Radio Frequency (RF)System: Detects, locates, and in some cases identifies nearby drones by scanning the frequencies at which most drones are known to operate. For example, NovoQuad’s ND-BU003 Basic Anti-Drone System is equipped with Radio Frequency (RF) detector, which could detect drones within long range and lead the jamming device to interfere with the detected drones, forcing them to land or return.
Photoelectronic System: Identifies and tracks drones based on their visual characteristics.
Infrared System: Identifies and tracks drones based on their thermal signals.
Acoustic System: Detects drones by identifying unique sounds from their engines.The acoustic system relies on a library of sounds produced by known drones, which are then matched to sounds detected in the operating environment.
Combination Sensor: Many systems integrate a variety of different sensor types to provide more powerful detection, tracking and identification capabilities.
- Classification of Countermeasure Technology
Radio Frequency (RF) Interference: Interrupts the radio frequency link between a drone and its operator by generating a large amount of radio frequency interference. Once the RF link, including the Wi-Fi link, is cut off, the drone usually either lands on the ground or initiates a “return to home” maneuver. For example, NovoQuad’s ND-BD003 Handheld Anti-Drone System uses radio frequency interference to interfere with the frequency bands of the target drone, forcing it to land or return in place. In addition, the ND-BD003 anti-drone jamming gun has reserved user-defined jamming frequency bands to meet various customer demands. As the ND-BD003 is equipped with APP Control Platform, the related jamming parameters could be set in advanced, and the detected target information could be saved for further analysis.
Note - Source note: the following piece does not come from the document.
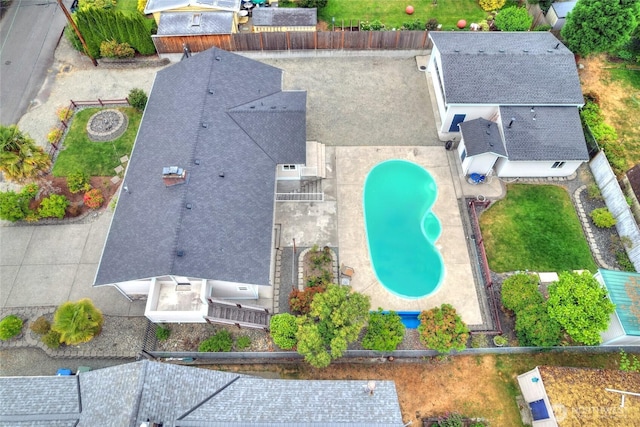 832 Birch St, Edmonds, WA 98020 - aerial view of a pool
GNSS (Global Navigation Satellite System)Interference: Disrupts a drone’s satellite connection, such as GPS or GLONASS used for navigation. A drone that loses the satellite connectivity will often hover in place, land or return to its starting point.
Spoofing: To control or mislead the target drone by providing a false communication or navigation link to it.
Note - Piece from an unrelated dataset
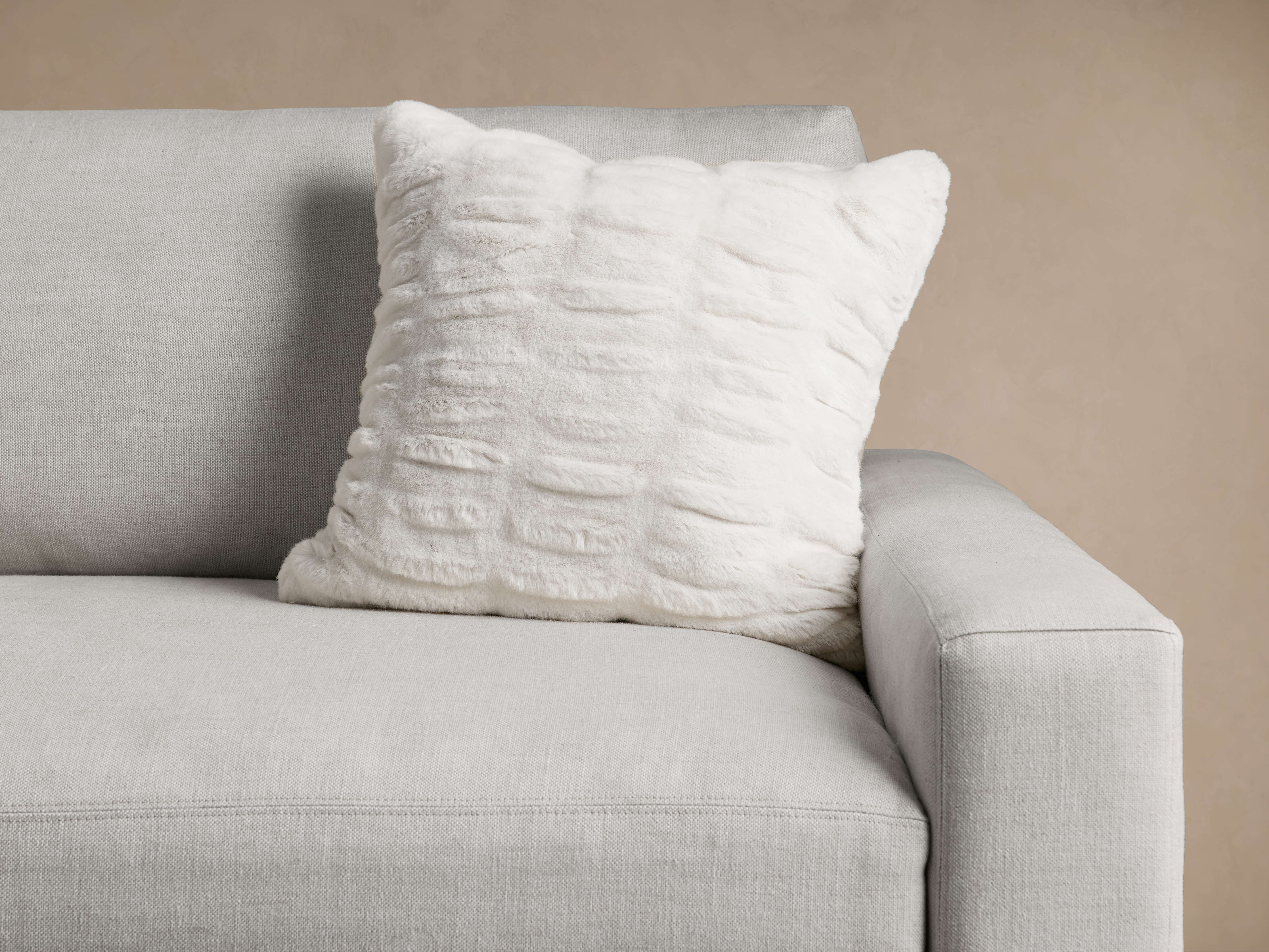 Luxe Faux Fur Pleated Pillow Cover - Thumbnail 4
Laser: Uses a high-intensity beam of light or laser to “blind” the camera on the drone. The laser uses directional energy to destroy a significant part of the drone’s fuselage, causing it to fall to the ground.
Joint Countermeasure Force: Some anti-drone systems also employ a combination of countermeasure elements to increase the likelihood of successful disposition towards invading drones. For example, many jamming systems have both radio frequency jamming and GNSS jamming capabilities. Other systems may use electronic systems as the first line of defense and power systems as backup measures.
At present, drone technology itself is not stagnant, and the progress in this field will pose new challenges to anti-drone systems. Anti-drone technology must keep pace with the development of drone technology and constantly update and iterate the existing anti-drone technology, in order to deal with the more diverse drone air threats and protect air safety in the near future.